• [Data section]:
= Beginning of Section =

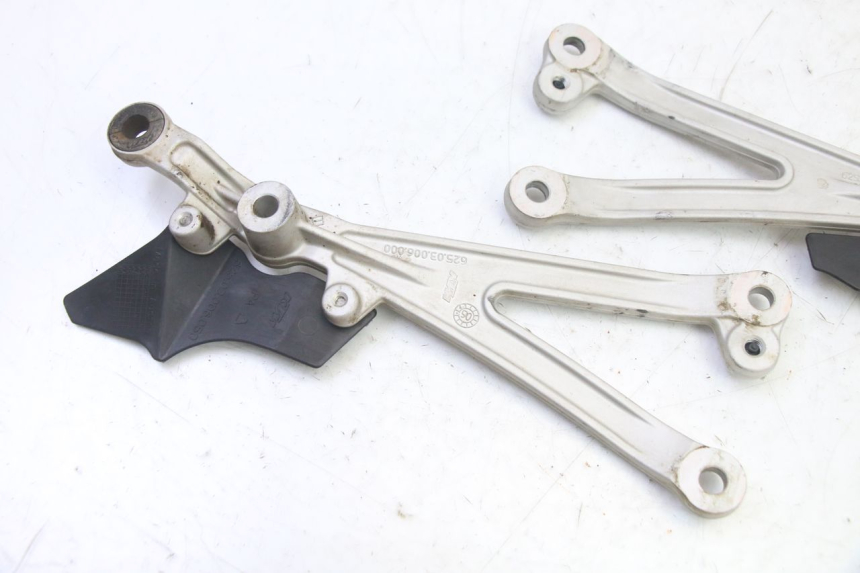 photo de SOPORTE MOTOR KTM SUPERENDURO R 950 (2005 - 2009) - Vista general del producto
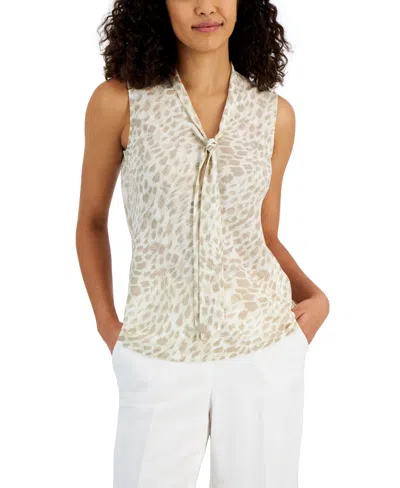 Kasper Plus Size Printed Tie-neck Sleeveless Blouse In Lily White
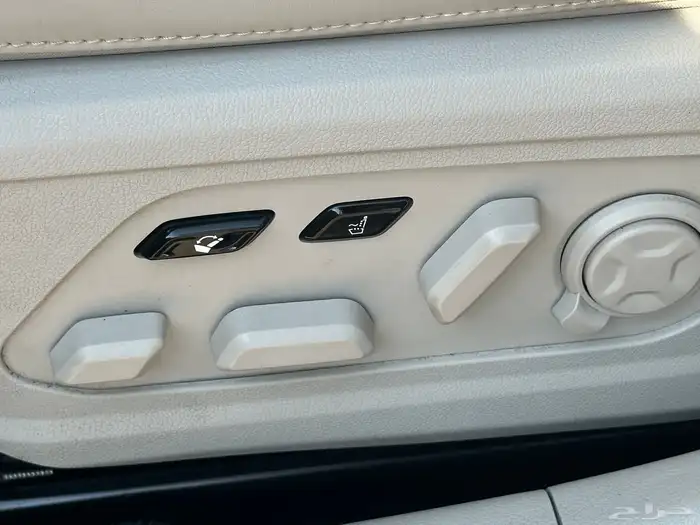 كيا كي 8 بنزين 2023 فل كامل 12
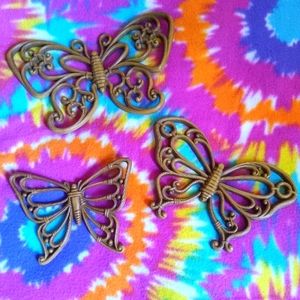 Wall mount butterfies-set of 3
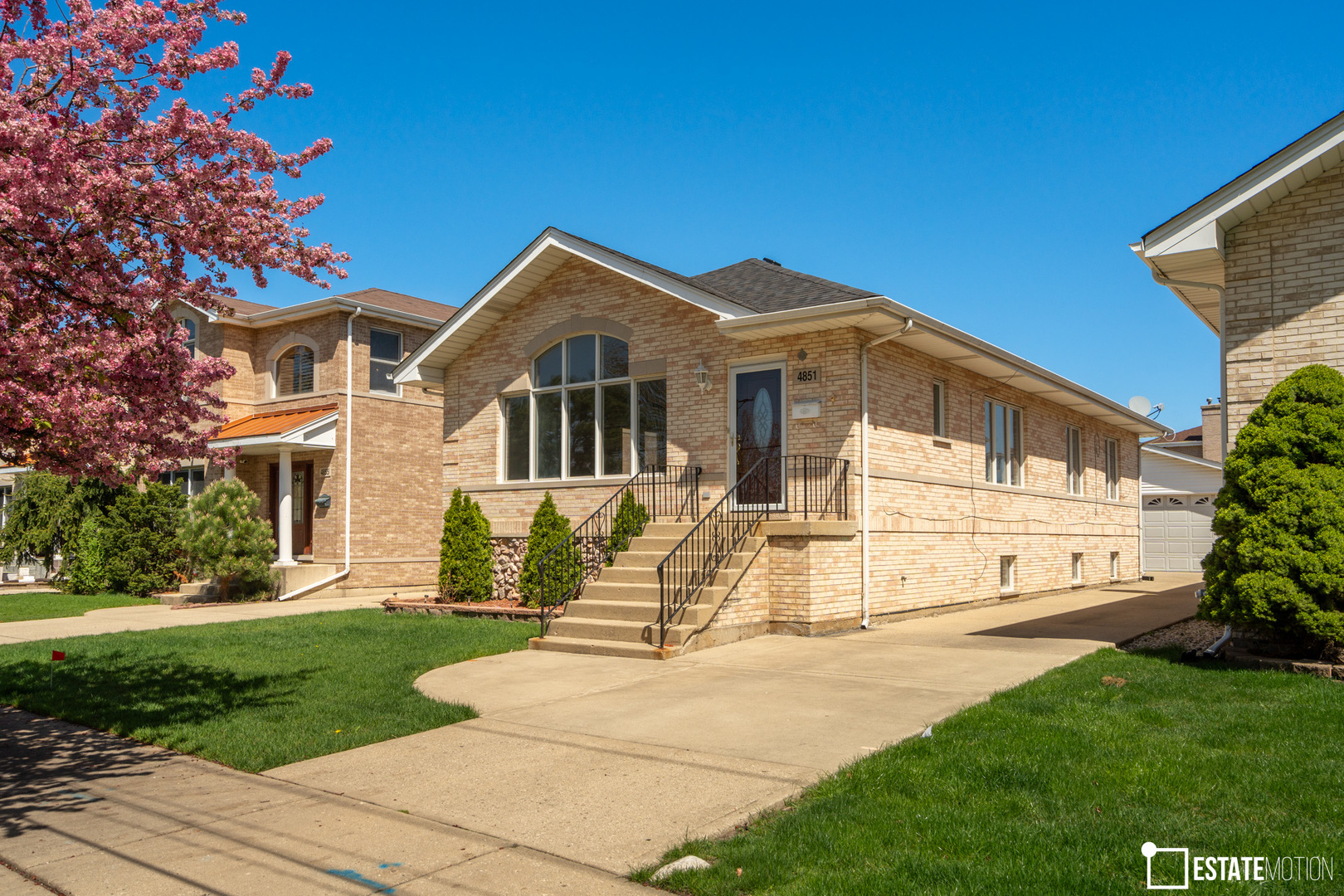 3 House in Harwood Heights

= End of Section =
= Beginning of Section =

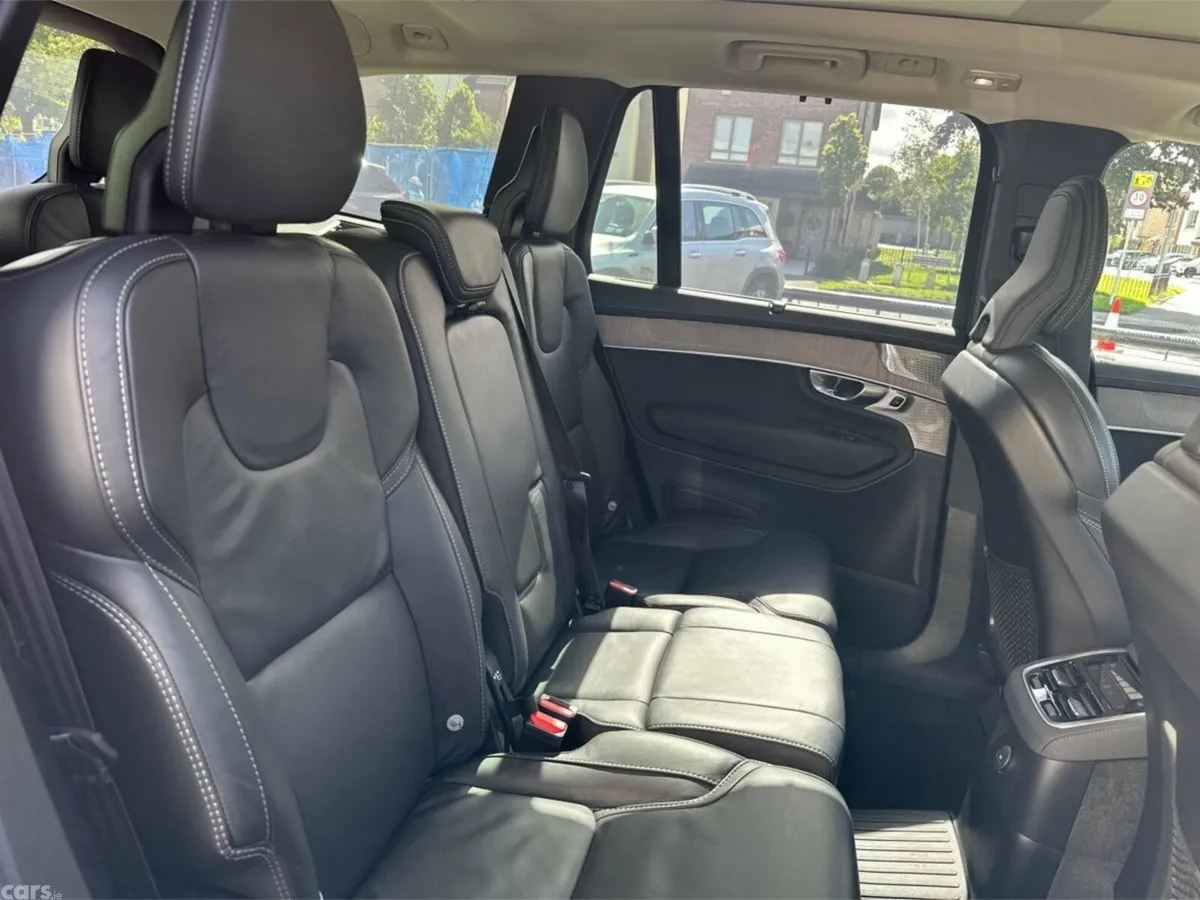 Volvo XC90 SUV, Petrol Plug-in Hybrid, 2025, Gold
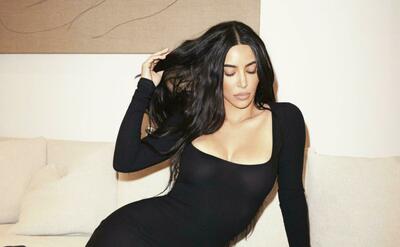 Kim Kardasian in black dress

= End of Section =

• [Problem]: Copy the entries above exactly, but only the stretch from the line containing "Kasper Plus Size" through the line containing "3 House in Harwood Heights". Keep both end lines; drop the pictures.

• [Task result]:
 Kasper Plus Size Printed Tie-neck Sleeveless Blouse In Lily White
 كيا كي 8 بنزين 2023 فل كامل 12
 Wall mount butterfies-set of 3
 3 House in Harwood Heights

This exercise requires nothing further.